# comb honey price?



## King bee apiary (Feb 8, 2005)

ok I will have some comb honey soon but have no idea how much to charge for it..
plan on some clam shell comb honey,some pint chunk,quart chunk.
what should I charge?


----------



## George Fergusson (May 19, 2005)

What the market will bear plus 10%

I understand that in some areas comb honey does really well, not so well in others. Here in Maine, comb honey goes for a premium- upwards of $6 I think, for one of those wooden boxes, last time I checked. Other places I guess you can't give it away. I'll be seeing someone next week that makes comb honey- I'll ask them what they're getting.


----------



## buz (Dec 8, 2005)

Those who sell the plastic boxes of comb honey are getting $9 for about a 4x4 sqaure.

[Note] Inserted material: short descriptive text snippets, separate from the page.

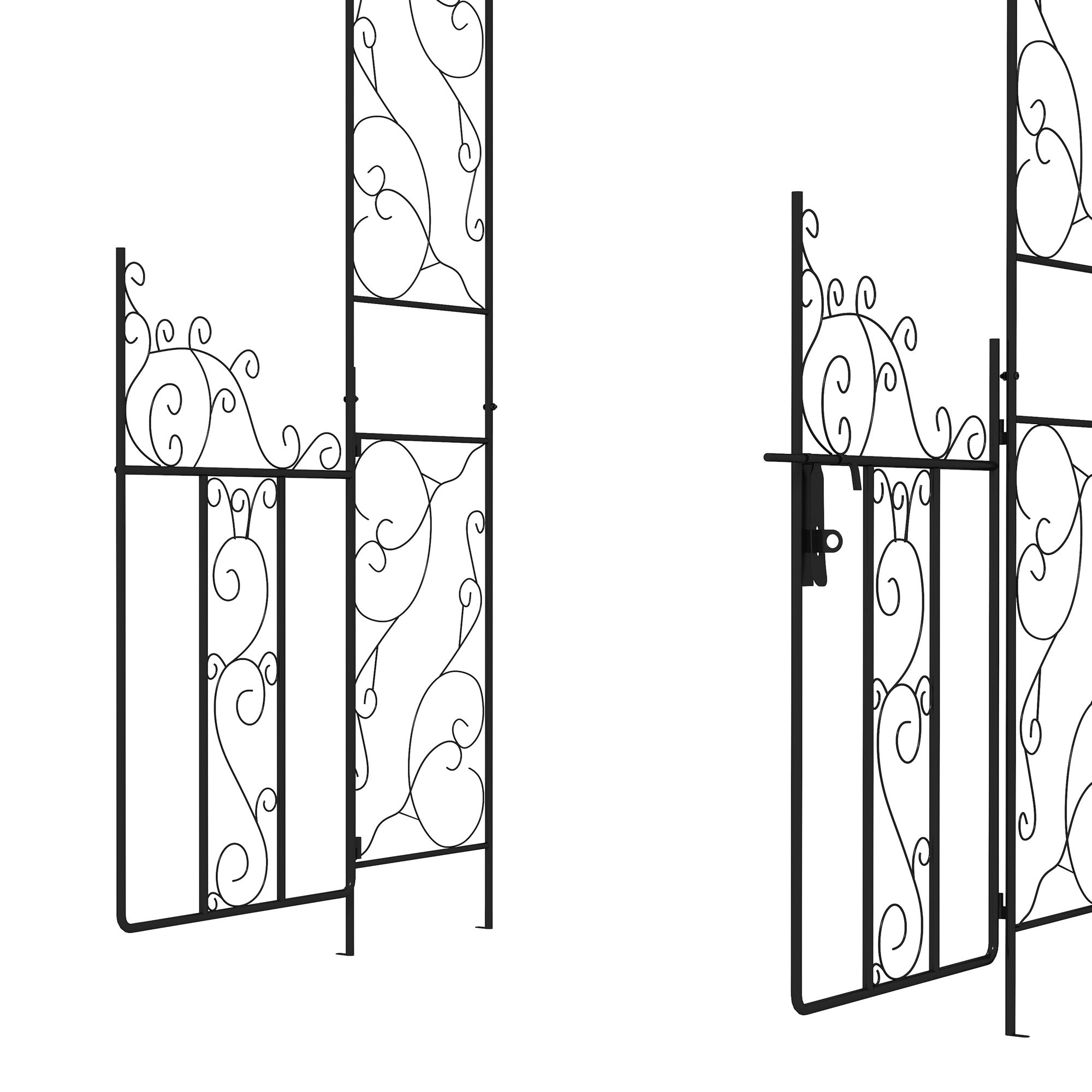 Outsunny Metal Garden Arch with Double Gate, Garden Arbor Climbing Plants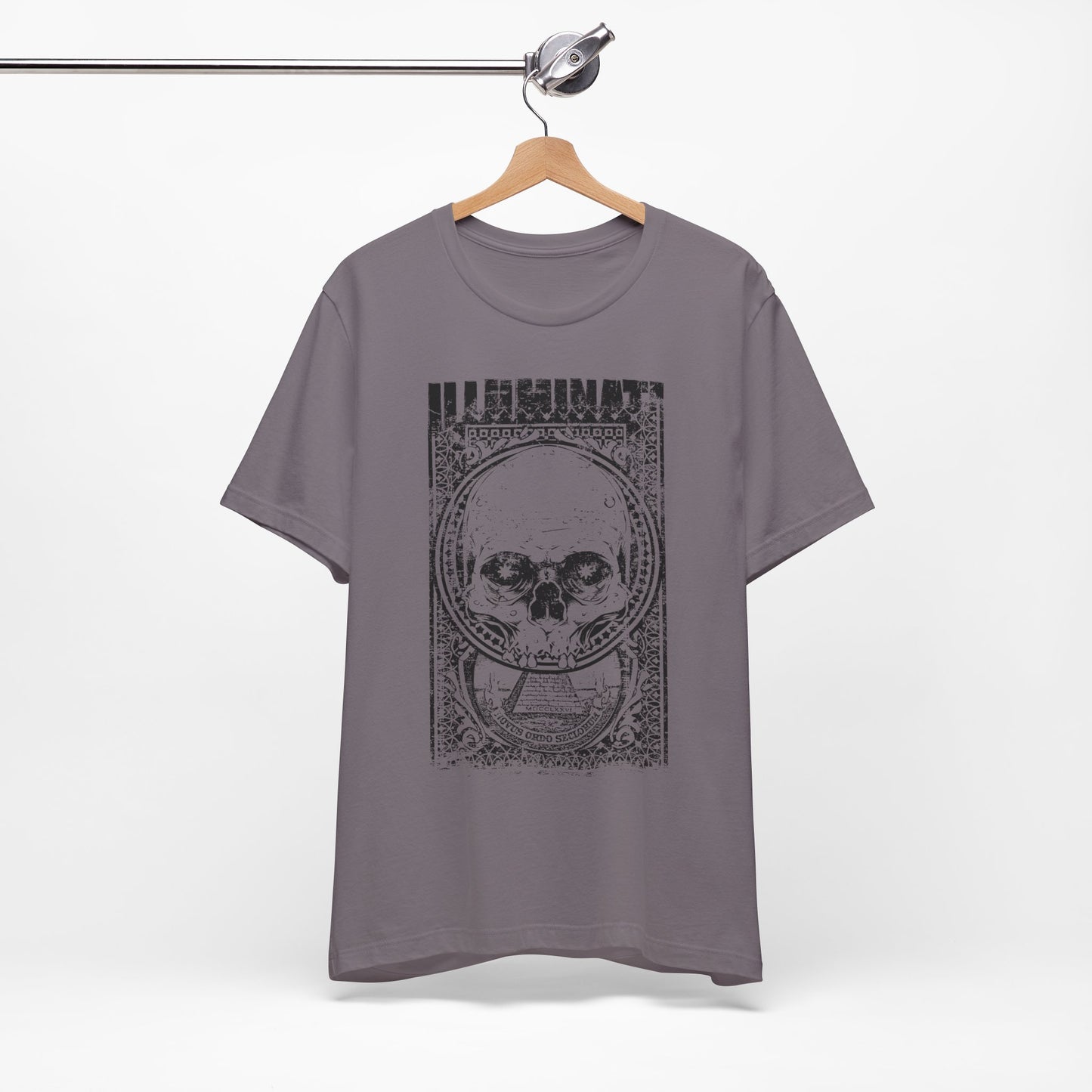 Skull Circle Graphic T-Shirt Vintage Etching Illustration Art Design Tee A-9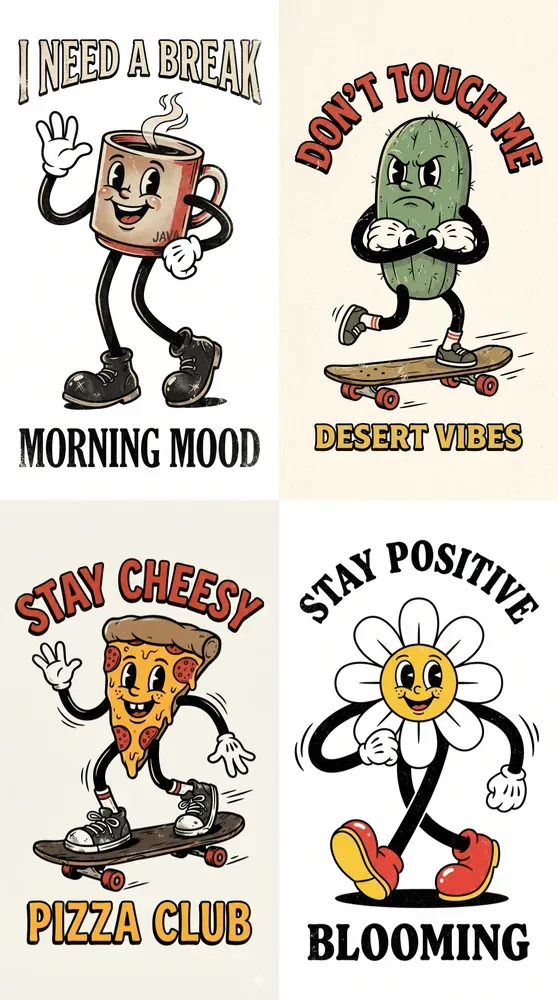 1930s Retro Rubber Hose Mascot Logos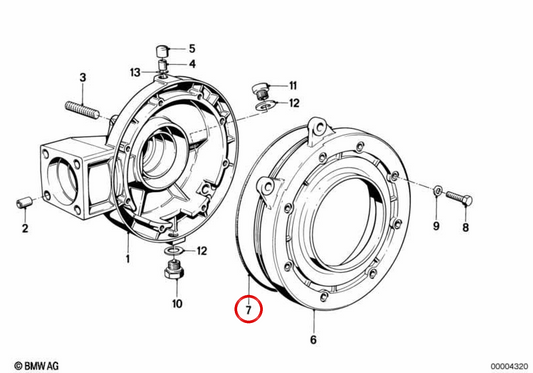 Anel toroidal do diferencial traseiro OEM 33111241257 para motos BMW R1100GS, R1150GS, R850R, K1200RS, K75, K100… e mais. Original BMW Motorrad.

I don't see much chunk honey around.

Happy


----------



## Laurence Hope (Aug 24, 2005)

I sell 4x4 in clamshell for $6.00. I get some resistance and some praise to its price. Go figure!


----------



## clintonbemrose (Oct 23, 2001)

I sell a medium 6 1/4 frame for $20.00 plus a $2.00 deposit on the frame. I sell many frames of comb honey this way. (aproximatly 30 suppers of it a year)
Clint


----------



## George Fergusson (May 19, 2005)

>I sell a medium 6 1/4 frame for $20.00

Huh. About how much comb honey is that? A 10 frame medium super full of honey is about 60 pounds I think, so a single frame is about 5 pounds?


----------



## GaSteve (Apr 28, 2004)

This is the highest price I've seen. 16 bucks for a Ross Round. 15 for a 4x4 square.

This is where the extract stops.